#### Information provided

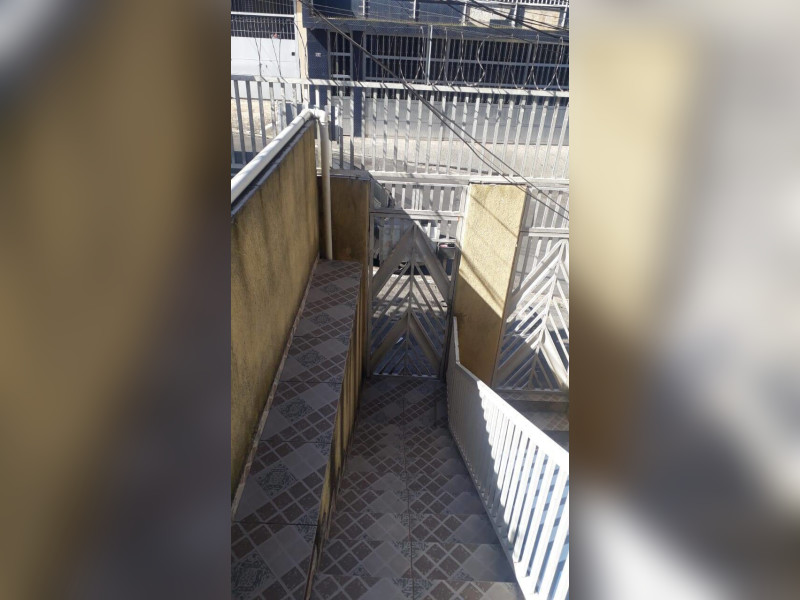 imóvel com 150m² - Vila Carmosina - São Paulo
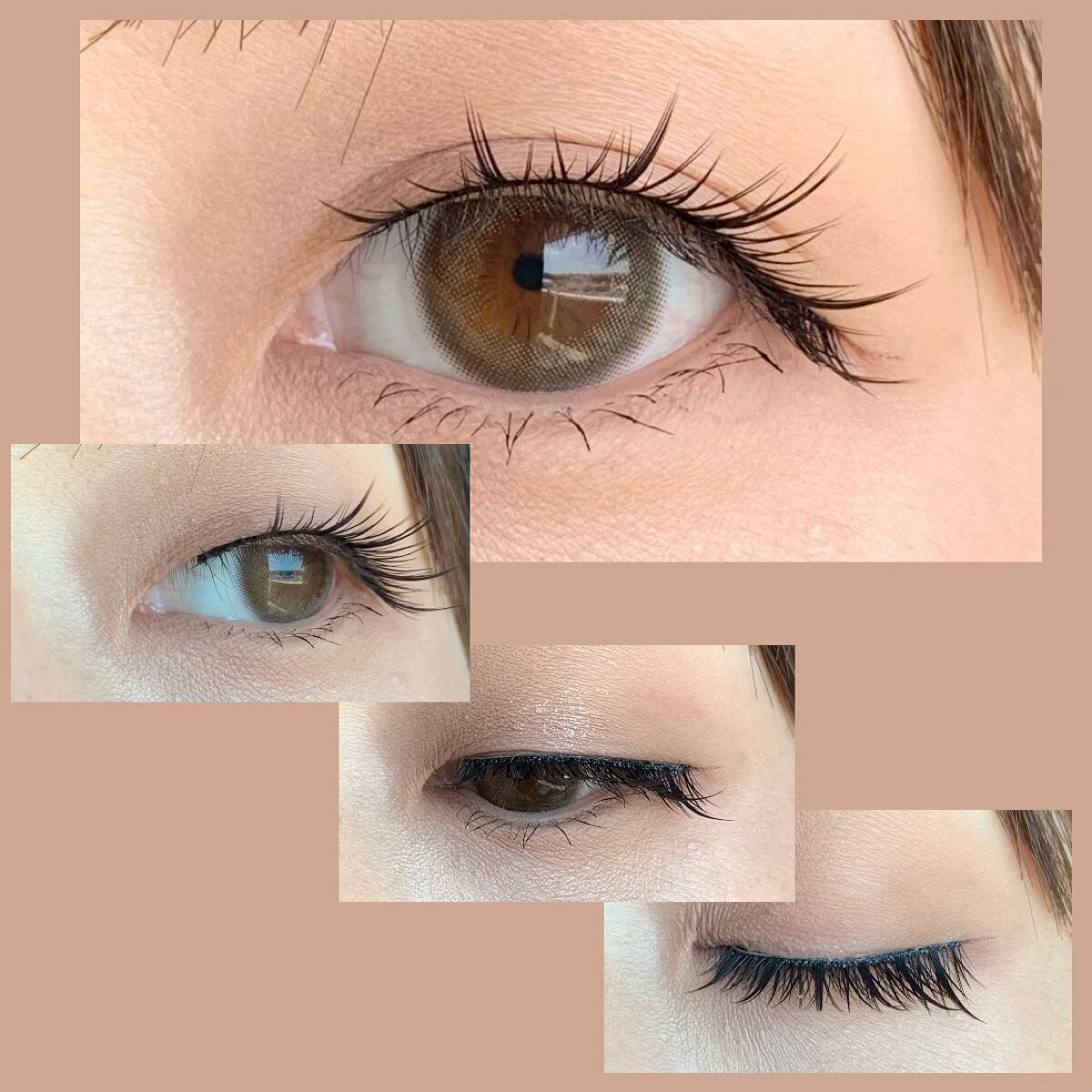 ðãã on LIPS ããããã«ãšã£ãŠäžçªãšèšã£ãŠããã»ã©äœ¿ãåæãããã€ããŸã€ãïŒæ²..ãïŒ3æç®ïŒ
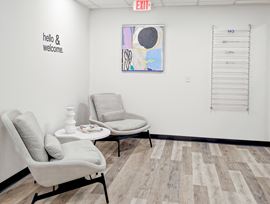 HQ - Fort Lauderdale 5th Way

#### Exercise description
The result should be a verbatim copy of the data, free of pictures.

#### Solution to this exercise
 imóvel com 150m² - Vila Carmosina - São Paulo
 ðãã on LIPS ããããã«ãšã£ãŠäžçªãšèšã£ãŠããã»ã©äœ¿ãåæãããã€ããŸã€ãïŒæ²..ãïŒ3æç®ïŒ
 HQ - Fort Lauderdale 5th Way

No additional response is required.